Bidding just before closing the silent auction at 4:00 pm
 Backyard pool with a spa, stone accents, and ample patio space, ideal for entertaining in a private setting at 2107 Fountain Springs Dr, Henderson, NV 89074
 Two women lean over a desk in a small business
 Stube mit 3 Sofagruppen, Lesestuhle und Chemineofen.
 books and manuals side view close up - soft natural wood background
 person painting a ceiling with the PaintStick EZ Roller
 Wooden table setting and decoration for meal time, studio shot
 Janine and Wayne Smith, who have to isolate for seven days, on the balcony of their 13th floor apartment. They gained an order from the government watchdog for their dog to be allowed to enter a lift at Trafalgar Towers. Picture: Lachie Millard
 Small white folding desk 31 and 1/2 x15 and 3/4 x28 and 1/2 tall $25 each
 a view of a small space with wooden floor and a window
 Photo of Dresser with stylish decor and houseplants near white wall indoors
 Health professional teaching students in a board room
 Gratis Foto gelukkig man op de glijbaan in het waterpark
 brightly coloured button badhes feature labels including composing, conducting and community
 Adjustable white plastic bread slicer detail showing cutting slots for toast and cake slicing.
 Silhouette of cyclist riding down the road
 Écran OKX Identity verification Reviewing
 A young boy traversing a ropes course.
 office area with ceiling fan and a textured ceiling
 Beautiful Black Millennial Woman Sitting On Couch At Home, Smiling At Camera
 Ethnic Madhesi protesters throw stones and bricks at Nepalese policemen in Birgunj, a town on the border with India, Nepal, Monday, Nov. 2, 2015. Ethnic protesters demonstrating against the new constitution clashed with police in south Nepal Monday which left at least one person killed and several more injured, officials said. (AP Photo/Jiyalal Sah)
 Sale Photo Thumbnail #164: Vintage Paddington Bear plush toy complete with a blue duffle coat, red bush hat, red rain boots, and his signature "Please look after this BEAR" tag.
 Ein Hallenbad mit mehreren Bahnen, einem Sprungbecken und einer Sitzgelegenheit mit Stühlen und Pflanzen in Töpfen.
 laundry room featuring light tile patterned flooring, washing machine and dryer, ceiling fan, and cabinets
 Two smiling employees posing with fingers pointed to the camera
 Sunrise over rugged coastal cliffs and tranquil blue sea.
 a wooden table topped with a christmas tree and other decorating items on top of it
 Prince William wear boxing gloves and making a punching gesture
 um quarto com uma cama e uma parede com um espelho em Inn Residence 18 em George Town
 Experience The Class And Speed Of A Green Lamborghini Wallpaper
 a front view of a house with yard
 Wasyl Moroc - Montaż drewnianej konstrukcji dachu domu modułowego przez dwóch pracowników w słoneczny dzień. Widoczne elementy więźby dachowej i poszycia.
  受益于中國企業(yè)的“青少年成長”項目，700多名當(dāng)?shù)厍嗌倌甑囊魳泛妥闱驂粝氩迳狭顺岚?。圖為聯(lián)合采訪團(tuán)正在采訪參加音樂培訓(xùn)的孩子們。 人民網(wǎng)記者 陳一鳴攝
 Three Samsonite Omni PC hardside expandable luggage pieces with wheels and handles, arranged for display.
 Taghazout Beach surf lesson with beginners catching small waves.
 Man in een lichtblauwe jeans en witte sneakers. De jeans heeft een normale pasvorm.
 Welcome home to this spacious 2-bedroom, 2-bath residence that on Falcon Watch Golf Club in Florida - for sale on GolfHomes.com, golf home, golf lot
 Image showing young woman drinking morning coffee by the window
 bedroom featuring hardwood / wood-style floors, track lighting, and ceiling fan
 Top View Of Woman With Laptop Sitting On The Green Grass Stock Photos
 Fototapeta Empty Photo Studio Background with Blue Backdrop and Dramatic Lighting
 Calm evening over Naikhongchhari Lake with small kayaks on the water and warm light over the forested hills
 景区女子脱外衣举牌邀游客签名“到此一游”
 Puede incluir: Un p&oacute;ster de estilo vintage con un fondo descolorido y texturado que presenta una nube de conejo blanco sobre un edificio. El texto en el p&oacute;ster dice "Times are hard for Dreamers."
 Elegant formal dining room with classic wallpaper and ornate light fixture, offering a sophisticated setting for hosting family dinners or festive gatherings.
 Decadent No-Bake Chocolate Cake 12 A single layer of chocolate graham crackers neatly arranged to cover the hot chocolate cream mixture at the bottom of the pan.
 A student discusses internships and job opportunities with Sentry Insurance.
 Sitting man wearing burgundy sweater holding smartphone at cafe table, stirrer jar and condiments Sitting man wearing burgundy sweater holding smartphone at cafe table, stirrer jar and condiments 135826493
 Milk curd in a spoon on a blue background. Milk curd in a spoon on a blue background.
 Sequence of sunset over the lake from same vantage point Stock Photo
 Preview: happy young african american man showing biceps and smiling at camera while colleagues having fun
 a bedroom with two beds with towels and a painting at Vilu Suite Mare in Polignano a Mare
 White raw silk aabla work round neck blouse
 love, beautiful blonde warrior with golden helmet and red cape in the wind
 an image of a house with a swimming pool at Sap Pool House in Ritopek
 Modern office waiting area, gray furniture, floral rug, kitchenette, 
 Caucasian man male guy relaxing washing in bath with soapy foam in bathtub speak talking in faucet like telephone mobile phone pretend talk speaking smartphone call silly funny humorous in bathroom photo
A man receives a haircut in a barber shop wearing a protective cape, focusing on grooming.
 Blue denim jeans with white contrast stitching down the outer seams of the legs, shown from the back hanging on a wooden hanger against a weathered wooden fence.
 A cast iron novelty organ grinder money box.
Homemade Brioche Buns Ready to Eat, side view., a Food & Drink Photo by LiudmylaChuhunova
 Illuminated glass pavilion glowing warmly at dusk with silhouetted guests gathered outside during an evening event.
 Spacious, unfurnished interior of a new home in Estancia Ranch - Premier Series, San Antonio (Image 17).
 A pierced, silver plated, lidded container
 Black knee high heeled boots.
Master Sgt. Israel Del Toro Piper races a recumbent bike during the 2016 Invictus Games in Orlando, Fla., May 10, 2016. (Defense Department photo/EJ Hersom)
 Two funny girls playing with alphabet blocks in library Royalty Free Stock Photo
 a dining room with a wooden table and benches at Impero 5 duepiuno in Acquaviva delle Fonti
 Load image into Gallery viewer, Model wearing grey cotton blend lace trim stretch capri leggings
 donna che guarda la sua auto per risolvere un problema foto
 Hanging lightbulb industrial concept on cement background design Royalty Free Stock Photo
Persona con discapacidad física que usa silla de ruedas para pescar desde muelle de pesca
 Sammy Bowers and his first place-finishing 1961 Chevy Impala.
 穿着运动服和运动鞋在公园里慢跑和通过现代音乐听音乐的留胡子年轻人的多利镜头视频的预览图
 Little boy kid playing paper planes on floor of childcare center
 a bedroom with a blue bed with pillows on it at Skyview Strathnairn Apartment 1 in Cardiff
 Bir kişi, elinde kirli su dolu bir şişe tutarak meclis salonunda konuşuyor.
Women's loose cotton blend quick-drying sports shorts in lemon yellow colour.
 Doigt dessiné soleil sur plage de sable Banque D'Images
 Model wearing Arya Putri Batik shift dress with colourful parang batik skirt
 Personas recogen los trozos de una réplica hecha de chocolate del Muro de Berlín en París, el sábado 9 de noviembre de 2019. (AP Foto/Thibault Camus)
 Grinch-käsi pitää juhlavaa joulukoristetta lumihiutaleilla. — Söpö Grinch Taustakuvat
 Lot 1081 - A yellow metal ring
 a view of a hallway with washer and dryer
+++++
## Your objective
In the entries above, one line contains "Écran OKX Identity verification Reviewing" and another contains "Ethnic Madhesi protesters". Reproduce exactly those two lines and the lines between them, nothing else.

## Answer to this exercise
 Écran OKX Identity verification Reviewing
 A young boy traversing a ropes course.
 office area with ceiling fan and a textured ceiling
 Beautiful Black Millennial Woman Sitting On Couch At Home, Smiling At Camera
 Ethnic Madhesi protesters throw stones and bricks at Nepalese policemen in Birgunj, a town on the border with India, Nepal, Monday, Nov. 2, 2015. Ethnic protesters demonstrating against the new constitution clashed with police in south Nepal Monday which left at least one person killed and several more injured, officials said. (AP Photo/Jiyalal Sah)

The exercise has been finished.